An auction of James 'Whitey' Bulger's belongings held Saturday raised $109,295 for the families of his victims. 

Charles Krupa/AP
A selection of kitty cat mugs were among items belonging to James "Whitey" Bulger and Catherine Greig that were auctioned off this weekend at the Boston Convention Center, Saturday, June 25, 2016, in Boston.

Cat mugs, a Stanley Cup replica ring, and a boxing dummy wearing a safari hat were just a few of the 100+ items sold Saturday at an auction of James "Whitey" Bulger's belongings. 

The auction, held at the Boston Convention and Exhibition Center in Boston, Mass., aimed to raise money for the families of 20 people murdered by the infamous crime boss and his crew, as well as three Bulger extortion victims. The items auctioned off were recovered in the apartment Mr. Bulger shared with girlfriend Catherine Greig in Santa Monica, Calif., at the time of his arrest in 2011.

Also found were 30 guns and a memoir that Bulger had been in the midst of writing, neither of which were put up for sale at the auction. 

A total of $109,295 was raised Saturday as bidders competed for a chance to own personal items of varying worth, ranging from a pair of slippers to a pencil holder shaped like a rat to a gold diamond claddagh ring, which fetched the highest price at $23,000. After auction and storage costs are deducted, all proceeds – along with $822,000 found in the walls of the Santa Monica apartment – will go to Bulger's victims and their families. 

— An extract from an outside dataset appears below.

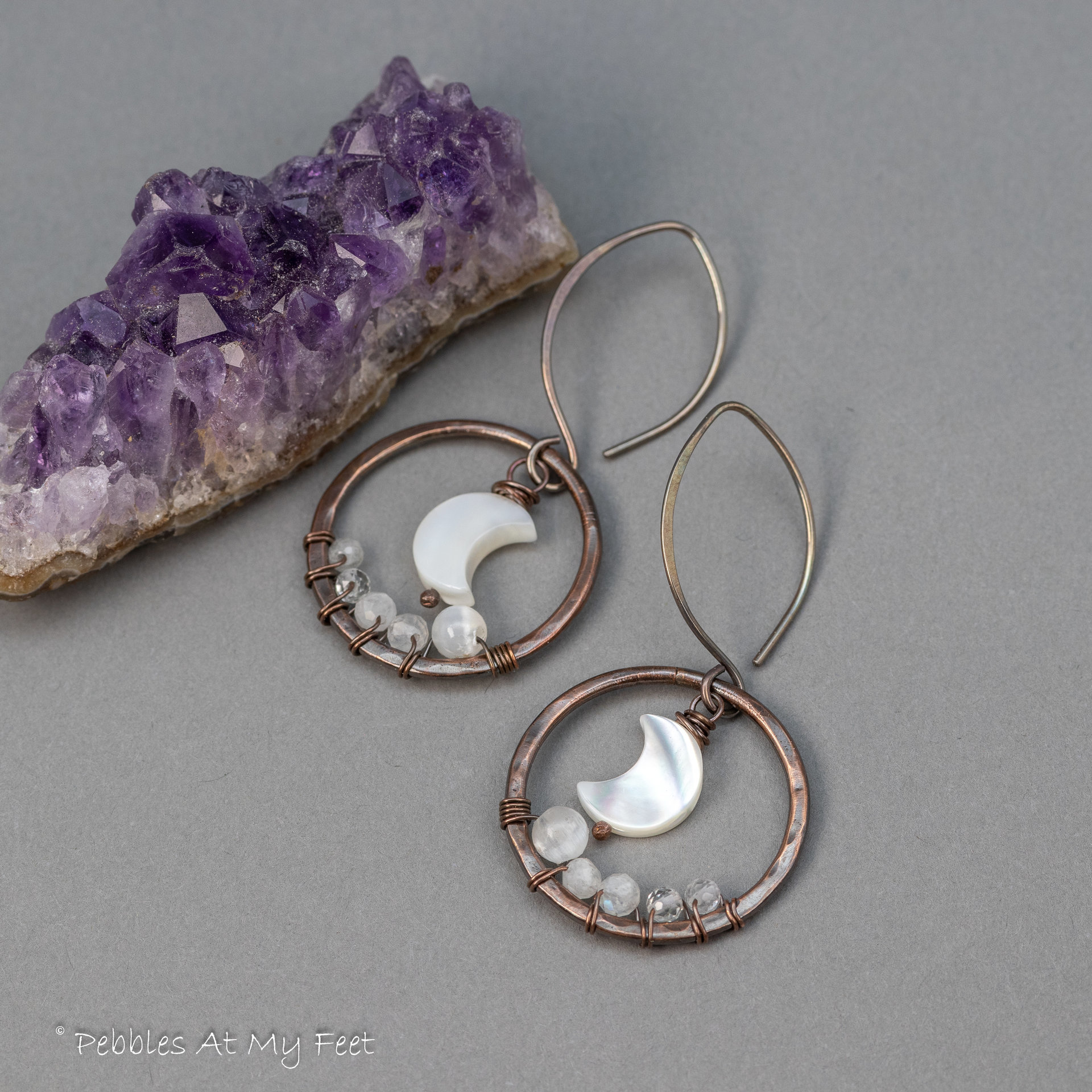 Hand Forged Copper Hoop Dangle Earrings with Mother of Pearl Crescent Moons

"We can’t bring back the victims," said Thomas J. Abernathy III, assistant chief inspector of the asset forfeiture division of the United States Marshals Service, which held the auction, to The New York Times. "This is better than destroying the property, and it’s some compensation for the victims."

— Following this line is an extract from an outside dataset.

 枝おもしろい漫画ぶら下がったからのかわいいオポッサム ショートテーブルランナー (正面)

Some of the buyers hailed from South Boston, Bulger's old neighborhood, and cited nostalgic reasons for their purchases; others simply wanted to help out the victims and their families. One friend of Ms. Greig's twin sister bought framed photos of Bulger and Greig's pets, with the intent to return them to Greig after she is released from prison in 2020. 

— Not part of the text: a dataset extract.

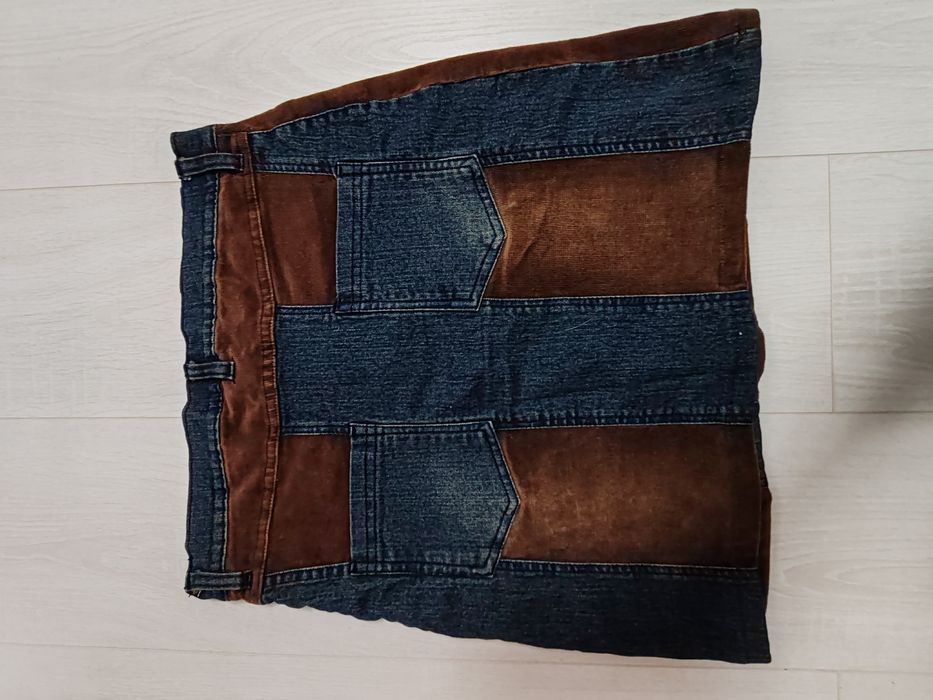 Fustă denim și catifea reiată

The event drew criticism from some who said that the auction glamorized Whitey Bulger and his crimes. 

"It sickens me to think, you know, the people and the hype on this," Steve Davis, who maintains that his sister Debra was strangled by Bulger although the jury in Bulger's 2013 trial reached no conclusion on that charge, told NPR prior to the auction. 

"I wish they'd put it to rest," he said. "They should have just destroyed everything. By the time I get a check ... it's probably not even dinner money."

Despite his reservations, Mr. Davis attended the auction and even bid on several items in an attempt to boost their price. 

"All the damage has been done," he later told the Times. "All the families can do now is get financial help."

Bulger, who is now 86, was sentenced in 2013 to two life terms plus five years after a jury found him guilty on more than 30 charges, including federal racketeering, extortion, and complicity in 19 murders. 

"This certainly isn’t going to make [the families of Bulger's victims] whole," Massachusetts US Attorney Carmen Ortiz told CNN affiliate WFXT. "Nothing that we do is going to make them whole, but we’re hoping … it helps to heal a little bit of what they had to go through."